Hay un tercer hecho esencial para entender el humanismo religioso de Sócrates. Cuando ya ha concluido el proceso y ha sido dictada la sentencia de muerte, quienes le han acompañado hasta el final le proponen la huida, evitando así el cumplimiento de la sentencia de muerte. Él responde invitando a que quienes se lo proponen se imaginen lo que le dirían las Leyes, saliendo a su encuentro cuando abandonara la ciudad, a él que se había pasado la vida hablando de ellas, su contenido y exigencias. Si en su vida fue guiado por el impulso divino a realizar su misión, ahora la huida sería una traición al encargo de Dios y una perversión de su dignidad de hombre. Ahora obedecer a las Leyes significa un bello morir mientras desobedecerlas sería un indigno vivir.

La realización de la misión divinamente encargada sitúa a la vida humana en un horizonte que da su sacralidad y grandeza a la realización fiel. «¡Es hermoso el riesgo de contar con la inmortalidad del alma tras haber culminado la fiel realización de la misión encargada» (Fedón 114 a,d). Quien le envió a la vida es el mismo que le aguarda en la muerte. Y antes de beber la cicuta recuerda a los presentes que cumplan los deberes religiosos que les pudieran quedar pendientes: ¿Es eso lo que quiere decirle a Critón con sus últimas palabras: «Le debemos un gallo a Asclepio, dios de las salud-salvación? (118,d)».

Erasmo es considerado el Sócrates moderno. Ciertas lecturas intentan despojarle de algunas de sus dimensiones constituyentes, reduciéndole a su aportación a la cultura humanista de entonces y sin relación con el Evangelio, la Fe, la Biblia, los Padres de la iglesia, su aportación a la piedad y a la reforma católicas. ¿Era en el fondo un escéptico, un epicúreo encubierto, un criptopagano? En España hubo momentos y seguimos teniendo grupos que reclaman esa devaluación del Erasmo, traductor, editor, comentador de los textos cristianos, para comprenderlo como un mero filólogo, superador de la teología e iglesia medievales.
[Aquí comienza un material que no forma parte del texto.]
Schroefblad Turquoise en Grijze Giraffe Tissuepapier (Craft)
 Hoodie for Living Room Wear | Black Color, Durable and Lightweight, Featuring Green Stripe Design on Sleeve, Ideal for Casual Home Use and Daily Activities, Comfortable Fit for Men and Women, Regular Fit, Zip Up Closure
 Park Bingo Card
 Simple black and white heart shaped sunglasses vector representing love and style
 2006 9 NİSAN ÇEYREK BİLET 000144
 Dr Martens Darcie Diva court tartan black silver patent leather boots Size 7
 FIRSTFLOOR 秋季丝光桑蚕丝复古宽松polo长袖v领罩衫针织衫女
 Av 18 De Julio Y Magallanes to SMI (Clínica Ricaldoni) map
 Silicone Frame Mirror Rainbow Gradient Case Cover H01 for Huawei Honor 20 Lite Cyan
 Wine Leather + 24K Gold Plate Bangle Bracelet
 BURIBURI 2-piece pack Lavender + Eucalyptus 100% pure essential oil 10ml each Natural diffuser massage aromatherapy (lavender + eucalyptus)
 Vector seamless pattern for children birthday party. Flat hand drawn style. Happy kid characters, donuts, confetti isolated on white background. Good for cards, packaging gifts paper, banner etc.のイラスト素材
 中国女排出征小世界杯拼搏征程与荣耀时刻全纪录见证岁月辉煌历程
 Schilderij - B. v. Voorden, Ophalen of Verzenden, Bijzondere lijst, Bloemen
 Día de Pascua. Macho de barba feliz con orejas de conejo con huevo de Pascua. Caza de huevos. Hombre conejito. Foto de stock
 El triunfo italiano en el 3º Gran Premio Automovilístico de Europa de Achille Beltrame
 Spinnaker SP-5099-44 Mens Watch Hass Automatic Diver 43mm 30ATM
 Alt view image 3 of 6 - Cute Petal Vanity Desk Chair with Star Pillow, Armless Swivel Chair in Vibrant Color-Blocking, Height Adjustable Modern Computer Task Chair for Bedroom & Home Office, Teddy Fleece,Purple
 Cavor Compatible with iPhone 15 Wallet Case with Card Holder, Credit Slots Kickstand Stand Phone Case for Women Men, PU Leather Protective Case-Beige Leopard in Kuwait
Quien lea su «Elogio de la locura», lea a la vez su «Manual del caballero cristiano».

Un libro reciente hace de él una figura vulgar, casi cínica e ingrata con sus contemporáneos, un reformador que se quedó a la mitad del camino propuesto por él mismo. ¿Es auténtica la anécdota atribuía a F. de los Ríos, quien al entrar en los Estados Unidos y ser requerido por su religión habría contestado: soy «cristiano erasmista»? Hacía ya algunos unos decenios en los que en España se había comenzado a hablar de los santos laicos. ¿Es este el ideal de la nueva cultura?

Erasmo vivió el drama de la ruptura protestante en primera persona. Su programa de reforma no tenía que desembocar necesariamente en las tesis de Lutero. Cuando llegó la hora de la verdad, Erasmo mostró su permanencia fiel a la Iglesia de Roma y fue el crítico más lúcido de las tesis de Lutero. Este se lo reconoció humildemente. Pocos debates hay en la historia del pensamiento tan lúcidos e incisivos como el que mantuvieron ambos sobre la libertad del hombre (De libero arbitrio-De servo arbitrio) y su capacidad o incapacidad para ser justos ante Dios, ante sí mismo y ante el prójimo.

La memoria agradecida de las grandes personalidades nos obliga a una interpretación fiel, situándolos en su contexto histórico, sin utilizarlos ni reducirlos a defensores de nuestras posturas ideológicas, filosóficas o religiosas. Sócrates no es ateo ni Erasmo es protestante. Ambos, siendo como fueron, son columnas sin las cuales no se sostienen las mejores creaciones de Europa. Pertenecen a nuestro pasado fundacional y por eso también a nuestro futuro.

Olegario González de Cardedal es teólogo.